C’est que Jésus s’inscrivant dans l’espérance pharisienne du scribe, quant au cœur de la Loi au jour du Royaume : subsiste l’action de grâce — Paul le dit en ces termes : une seule chose demeure : l’amour — ; Jésus est en train de dire tout simplement que le Royaume s’est approché : « Tu n’es pas loin du Royaume de Dieu » n’est point ici une parole banale !

Où on regarde forcément Jésus d’une façon particulière : « personne n’osait plus l’interroger » !

Allons un peu plus loin. Comment en est-on arrivé à cela dans la réflexion juive ? À ce sur quoi Jésus et le scribe s’accordent : « Aimer Dieu de tout son cœur, de toute son intelligence, de toute sa force, et aimer son prochain comme soi-même, cela vaut mieux que tous les holocaustes et sacrifices ».

Eh bien c’est là un fruit de la prière de l’intelligence (tu aimeras le Seigneur ton Dieu de toute ton intelligence).

Un fruit de la réflexion priante suite à l’événement de l’exil, dès 587 av. J.C., cette perte de souveraineté d’Israël, et de la destruction du Temple, perte, alors provisoire, de la possibilité de sacrifier. Cette perte deviendra définitive en 70 — jusqu’au Royaume où subsiste comme seul sacrifice, la seule action de grâce.

Le retour de l’exil de 587 à Babylone laissera le pays sous la souveraineté de la Perse, puis des divers empires, malgré quelques moments de résistance glorieux comme sous les Grecs. Mais pas de réintégration totale et définitive de la souveraineté. Plus de royaume (et surtout pas en 1948, avec la création d’un État laïque d’Israël !). Plus de royaume, au point que Jean-Baptiste annonce encore, au temps romain, la fin de l’exil (qui n’a donc pas vraiment eu lieu) et la venue du Royaume. Au point qu’au début du livre des Actes des Apôtres, les disciples interrogent encore le Ressuscité sur le jour de la restauration du Royaume d’Israël !

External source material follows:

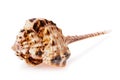 Seashell isolated. Murex haustelium, close-up. Photo taken by stacking method Royalty Free Stock Photo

Il n’y aura pas de reprise de souveraineté politique au nom de Dieu d’un État, ni a fortiori d’une Église ! C’est l’erreur des chrétientés médiévales byzantine et latine (auxquelles l’islam d’alors a emboîté le pas) que d’avoir cru le contraire. La suzeraineté politique a été retirée au peuple de Dieu en 587, et ne sera pas ré-octroyée. (Il n’est pas inutile de souligner cela en ce dimanche de l’Église persécutée : nul n’a le pouvoir ni le droit de dire un délit d’opinion, et a fortiori de poursuivre, de persécuter, pour un délit d’opinion !)

La dynastie légitime alliée avec Dieu, celle de David, trouve son dernier représentant dans le Messie, seul souverain du Royaume de Dieu, Roi-prêtre selon l’ordre de Melchisédech, selon l’Épître aux Hébreux citant le Psaume 110. Un Royaume dont la Loi est inscrite dans les cœurs, et qui n’a donc pas d’institutions pénales d’un État souverain, comme avant 587. En 587, ce domaine de la Torah prend fin.

Les auteurs du Nouveau Testament, à l’instar des scribes pharisiens, ont tiré eux aussi cette conséquences qui s’imposent de la perte de souveraineté politique et du royaume d’Israël : pas de royaume, jusqu’à la venue du Royaume du Messie. Cela le scribe le sait. Les auditeurs de ce dialogue aussi. Et voilà que Jésus affirme que le Royaume s’est approché : « "Tu n’es pas loin du Royaume de Dieu." Et personne n’osait plus l’interroger. »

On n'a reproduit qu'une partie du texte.